Sí, la palabra "ñoño" la usan también en España; una amiga mía de allá la usaba de vez en cuando, pero no creo que esto sea lo que vos buscás.
Ella se refería con esto a chicos un poco sensibleros y mimados.

¿Qué tal simplemente "es un / no quiere parecer un *pesado*/aburrido"?

En otros contextos lo que dicen mucho (de cosas, actividades, lugares,..) es "esto mola / no mola", pero no estoy segura si se puede decir también de personas.


Otra posibilidad sería continuar la charla esta en Sólo Español.

Saludos


----------



## olgamar

creo que "aburrido" también es una opción, ¡gracias!


----------



## muycuriosa

Hola olgamar:

Me parece que en la universidad nuestro profesor (de Valencia) nos dijo que 'cool' se podía decir 'chulo, chulito'. Asi que - quizás - puedas decir: 'Quería ser (considerado como) chulo / chulito.' No sé si te sirve.

Saludos


----------



## Sidjanga

Chulo _puede_, en determinadas situaciones, significar algo como _"cool_", pero  en principio tiene unas "mil" acepciones, desde bastante positivas a muy negativas, y que varían mucho de zona en zona. Creo que el contexto situacional y sobre todo cultural tendría que estar muy claro para que los destinatarios del texto entendieran el sentido pretendido.

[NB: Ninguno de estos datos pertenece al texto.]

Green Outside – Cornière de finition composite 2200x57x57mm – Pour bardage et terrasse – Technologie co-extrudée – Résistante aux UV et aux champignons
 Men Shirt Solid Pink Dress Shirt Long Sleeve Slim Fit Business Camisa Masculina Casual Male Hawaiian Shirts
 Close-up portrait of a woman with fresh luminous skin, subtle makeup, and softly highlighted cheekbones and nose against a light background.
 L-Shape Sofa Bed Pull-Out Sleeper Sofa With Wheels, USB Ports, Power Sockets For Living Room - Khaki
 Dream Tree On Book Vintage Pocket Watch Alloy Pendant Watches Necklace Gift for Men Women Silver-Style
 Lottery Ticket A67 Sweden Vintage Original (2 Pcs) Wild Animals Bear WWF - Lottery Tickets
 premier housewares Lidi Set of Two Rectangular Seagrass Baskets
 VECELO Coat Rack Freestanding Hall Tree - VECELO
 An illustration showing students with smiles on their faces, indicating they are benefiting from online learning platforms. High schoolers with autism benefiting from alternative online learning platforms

Yo personalmente oí la palabra en sentido positivo (el de "cool": "¡qué chulo!") exclusivamente con respecto a cosas, nunca a personas.

La acepción más típica de Madrid (con respecto a personas) p.ej. es algo como _prepotente_, haciendo referencia a ciertos personajes estereotípicos de la ciudad.


----------



## olgamar

¡Muchas gracias a todos! 

Aún no me decido, pues creo que en este caso es más en el sentido de "tonto" o "aburrido" (como de "uncool geek") al que le gusta ir a misa...


----------